::: RECORDS FOR THE EXERCISE :::
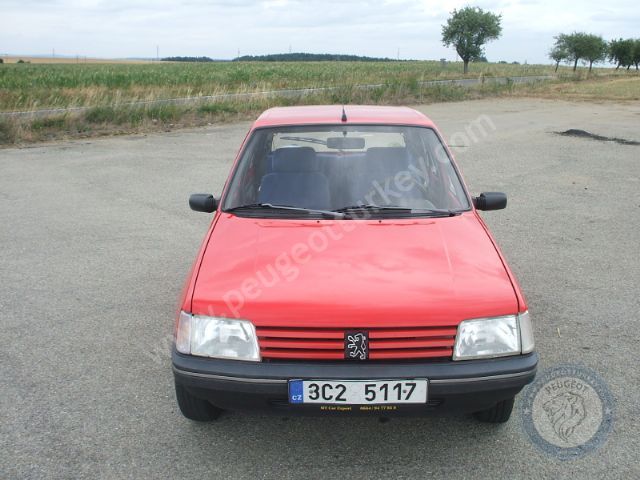 Peugeot 205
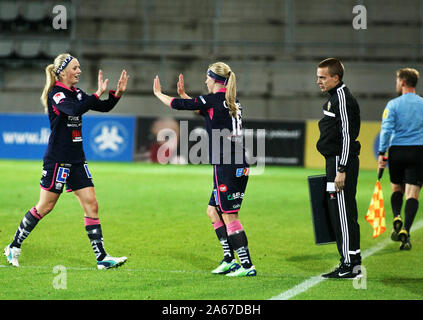 Match Between Linkopings Fc Lfc Kopparberg Gothenburg At Linkoping Arena Picture Linda Sallstrom In Tough Close Fight Photo Jeppe Gustafsson Stock Photo Alamy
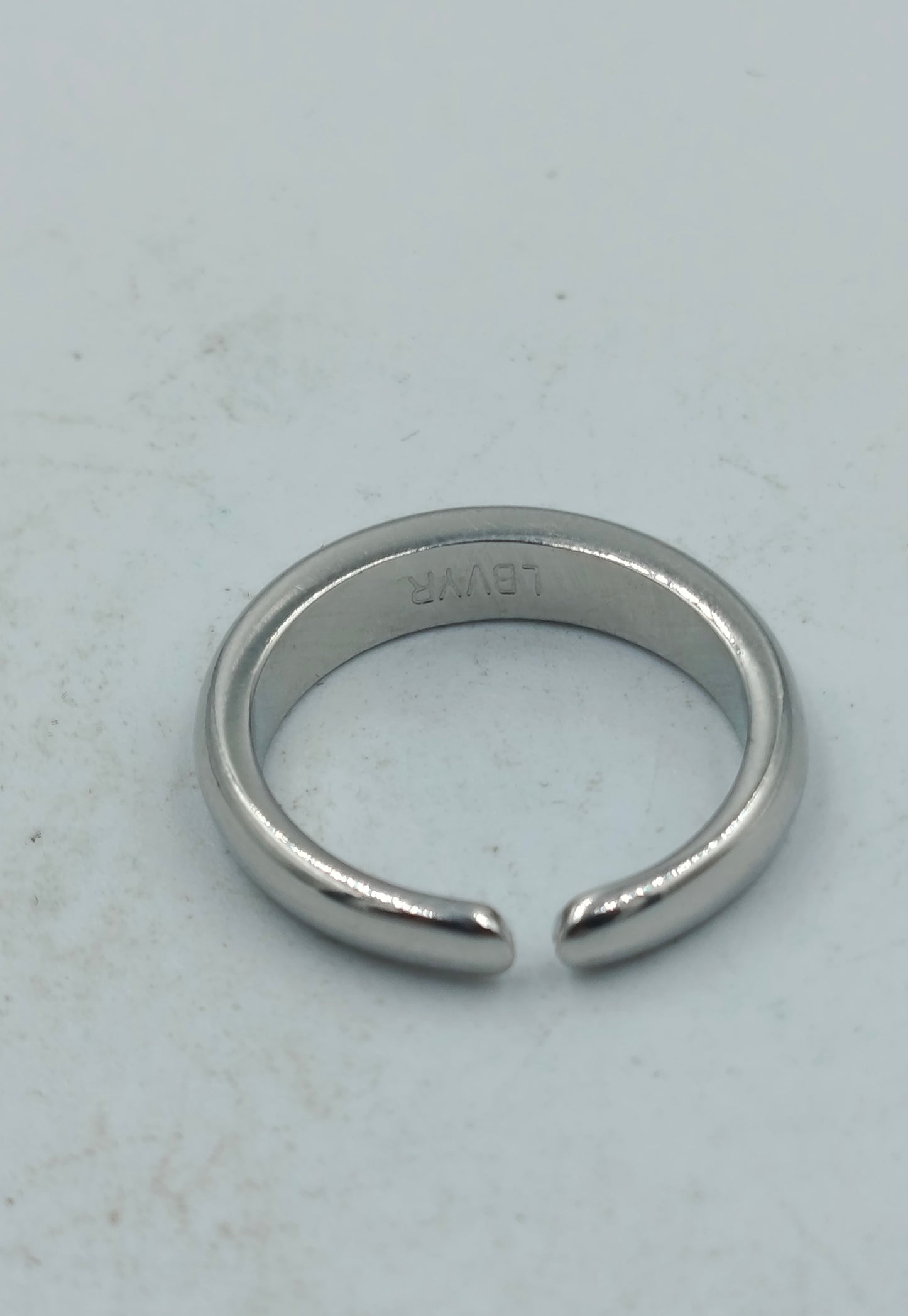 Silberfarbener offener Ring mit klarem Stein schlicht modern Schmuck
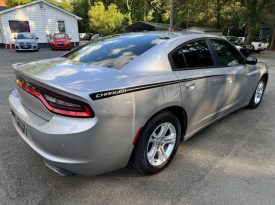 2015 Dodge Charger SE (Silver)
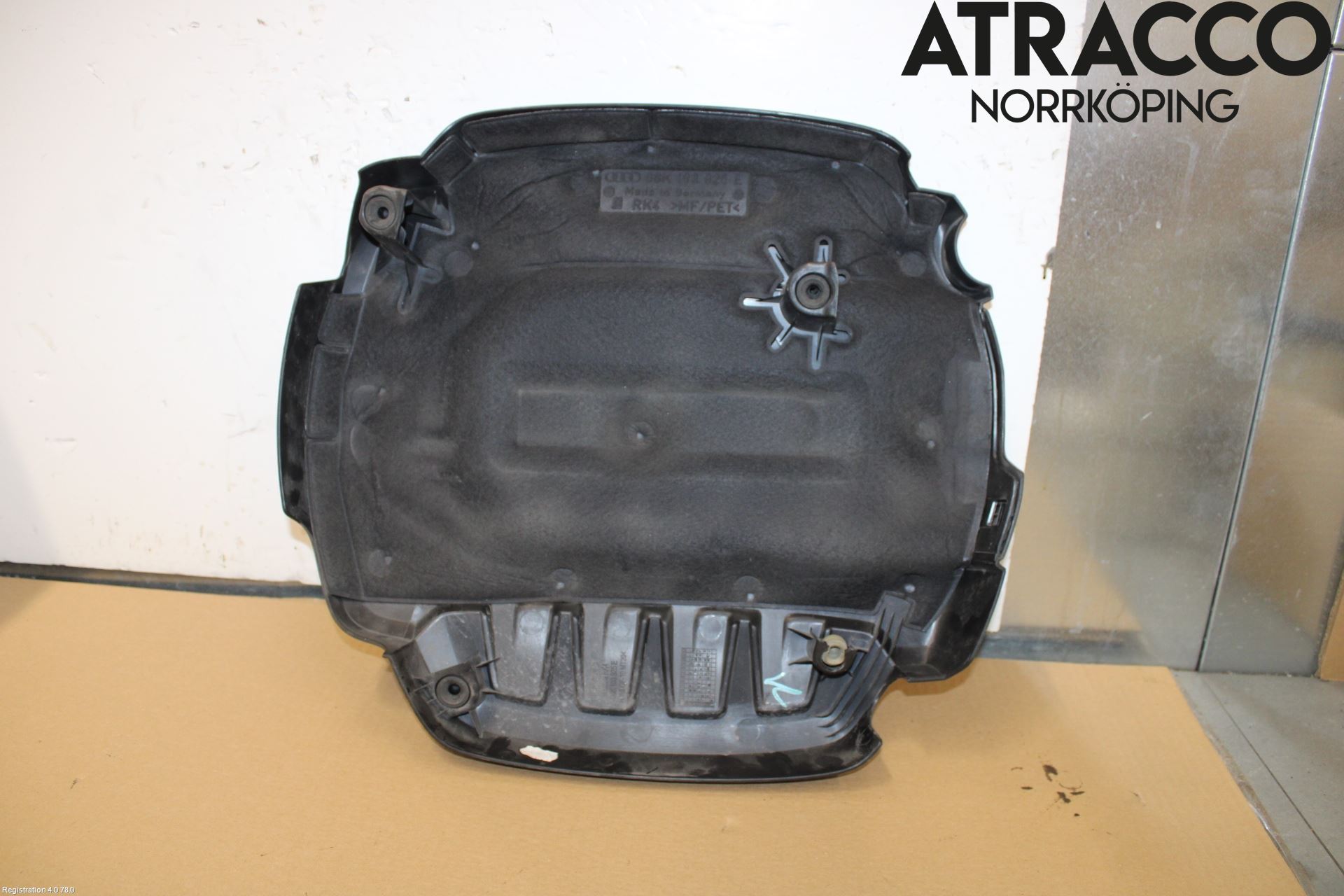 Audi A1/S1 11-18 Motorkåpa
:::
THE PROBLEM:
Only the lines from the one containing "Match Between Linkopings" through the last line of the records above should be repeated, exactly and without pictures.

FINISHED EXERCISE:
 Match Between Linkopings Fc Lfc Kopparberg Gothenburg At Linkoping Arena Picture Linda Sallstrom In Tough Close Fight Photo Jeppe Gustafsson Stock Photo Alamy
 Silberfarbener offener Ring mit klarem Stein schlicht modern Schmuck
 2015 Dodge Charger SE (Silver)
 Audi A1/S1 11-18 Motorkåpa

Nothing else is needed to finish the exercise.